* _SUPPLIED MATERIAL_:
..............................
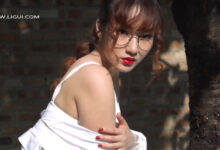 [Ligui丽柜]HD视频 2020.09.17 春光乍现 汐汐 [1V／310MB]-套图岛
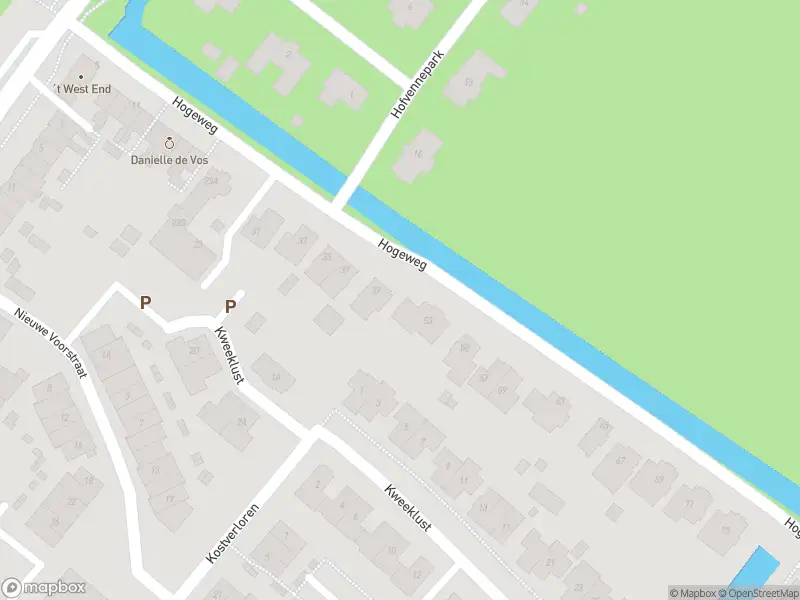 Overlastmelding Hogeweg in Noordwijk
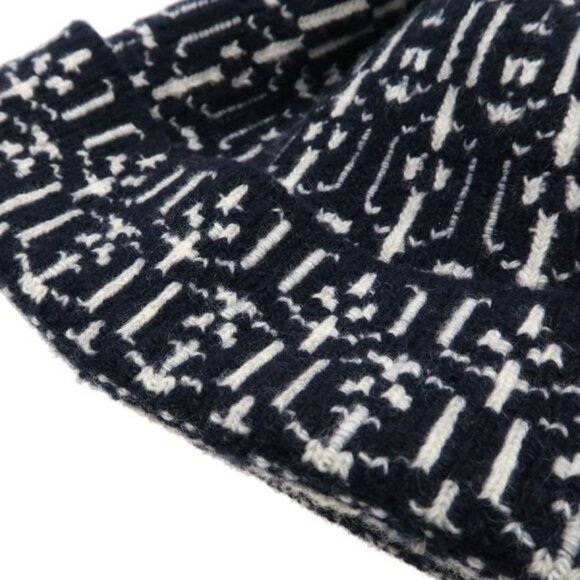 Prada Knit Cap Wool Cashmere main image 7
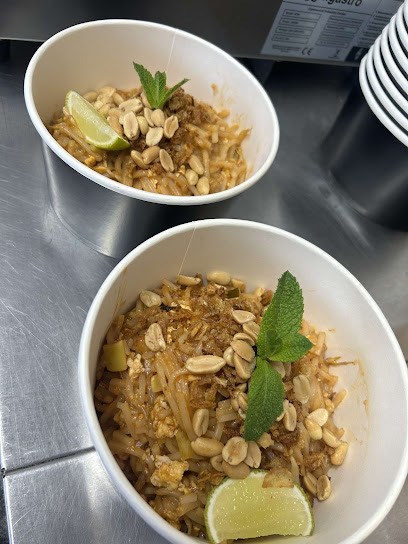 Pop's Thai Restaurant à Saint-Nabord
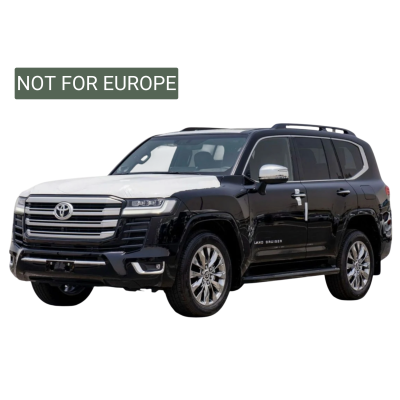 Toyota Land Cruiser 300 VXR V6 3.3L 7 Seats Modena Motors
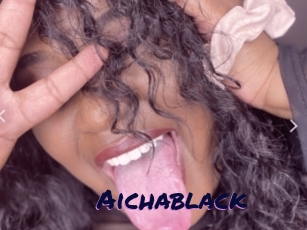 Aichablack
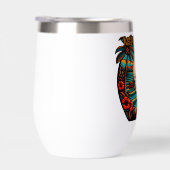 冒険家のマグカップ：あなたのビーチサイドコンパニオン (右面)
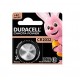Duracell CR2032 3V Lithium Coin Cell Battery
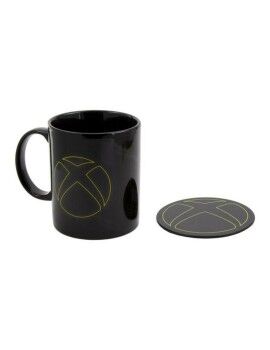 Taza Mug Paladone PP10613XB Negro 1 Pieza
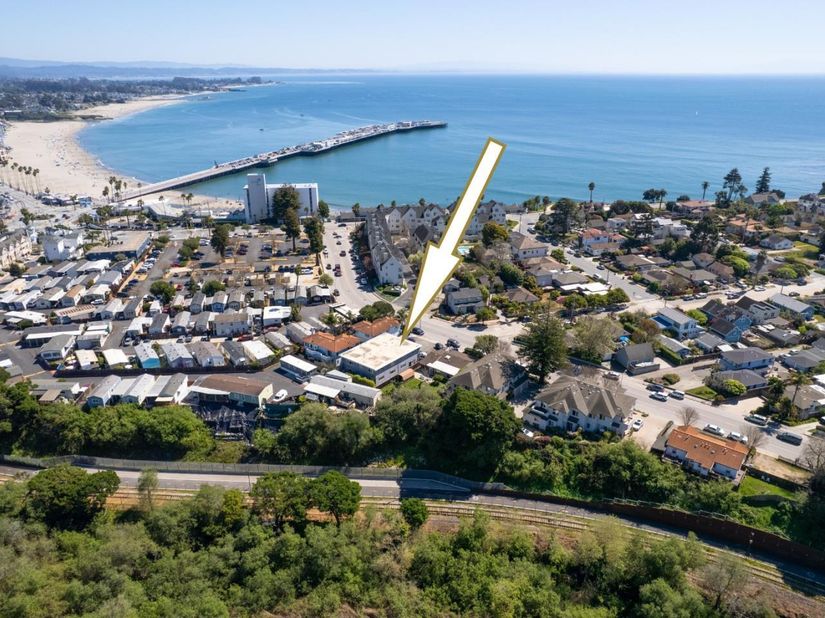 Bay, Santa Cruz CA 95060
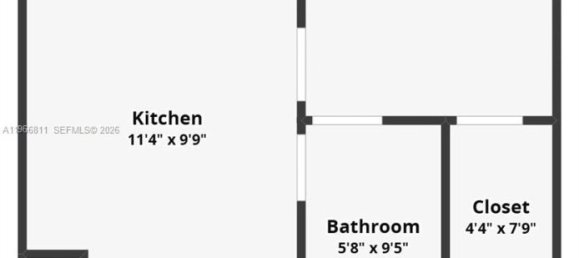1 dormitorio propiedad comercial en venta en Miami, Miami-Dade, Florida, USA № 614423 16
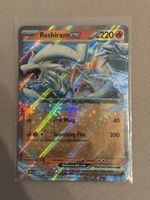 Pokémon Reshiram ex 030/159 Journey Together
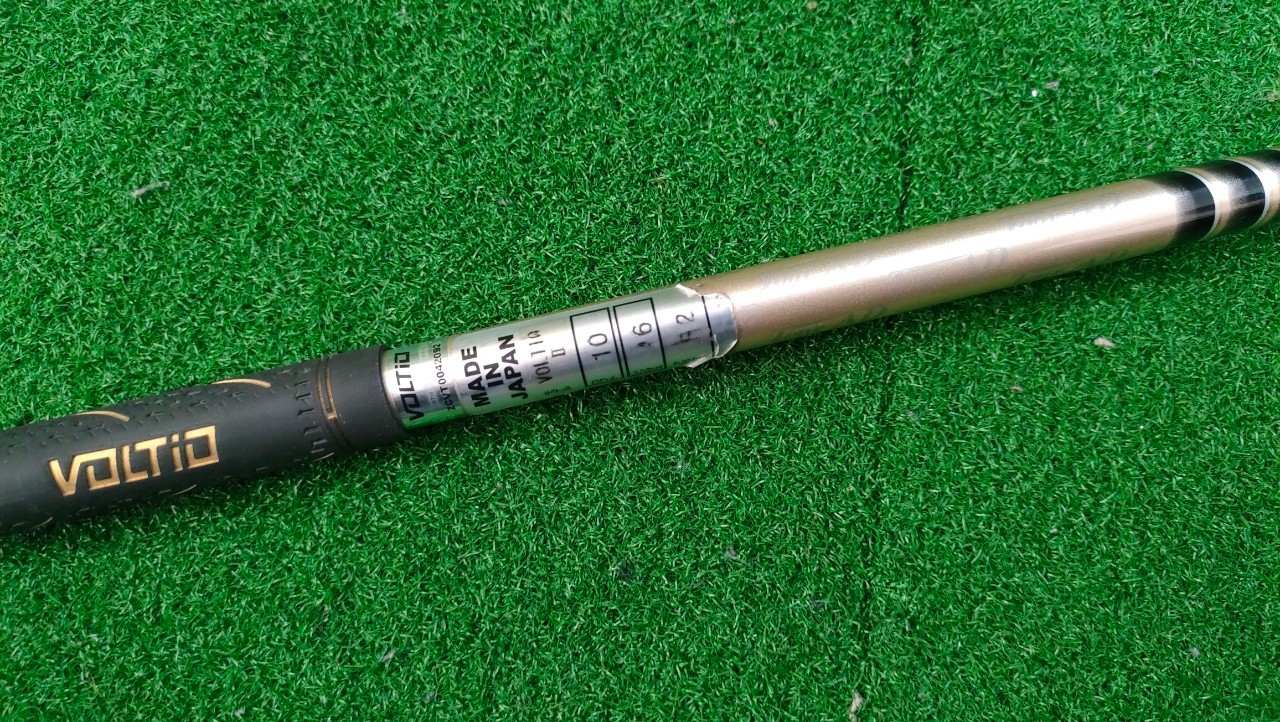 DRIVER KATANA VOLTIO II LOFT*10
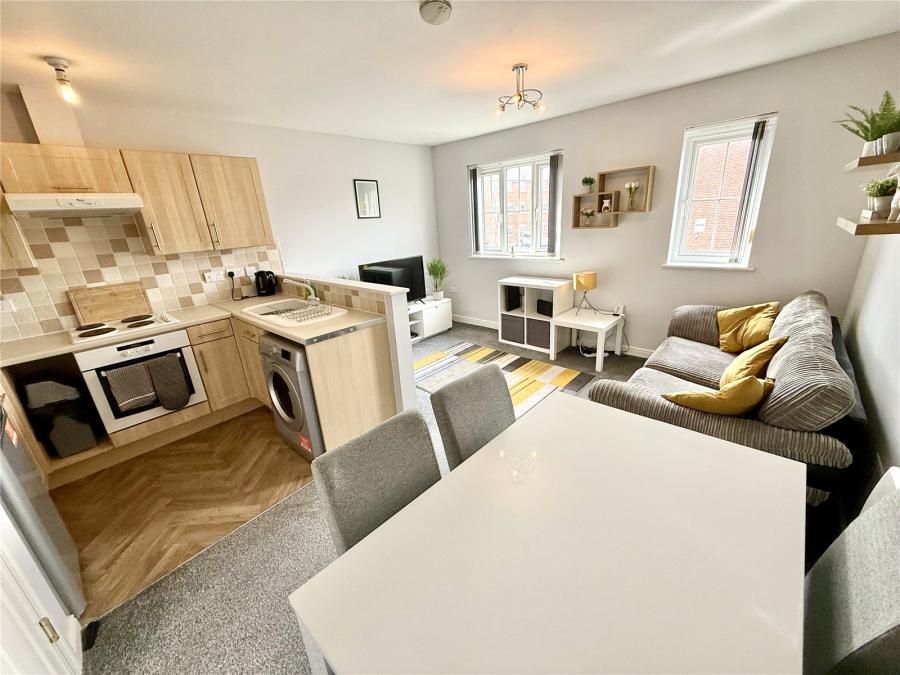 Image for Foster Court, Highbridge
..............................
* _WHAT THIS TASK INVOLVES_: Looking at the listing above, which lines run from the one containing "Prada Knit Cap Wool Cashmere main image 7" through the one containing "DRIVER KATANA VOLTIO II LOFT*10"? Print exactly those, ends included, pictures excluded.

* _RESULT OF THIS EXERCISE_:
 Prada Knit Cap Wool Cashmere main image 7
 Pop's Thai Restaurant à Saint-Nabord
 Toyota Land Cruiser 300 VXR V6 3.3L 7 Seats Modena Motors
 Aichablack
 冒険家のマグカップ：あなたのビーチサイドコンパニオン (右面)
Duracell CR2032 3V Lithium Coin Cell Battery
 Taza Mug Paladone PP10613XB Negro 1 Pieza
 Bay, Santa Cruz CA 95060
1 dormitorio propiedad comercial en venta en Miami, Miami-Dade, Florida, USA № 614423 16
 Pokémon Reshiram ex 030/159 Journey Together
 DRIVER KATANA VOLTIO II LOFT*10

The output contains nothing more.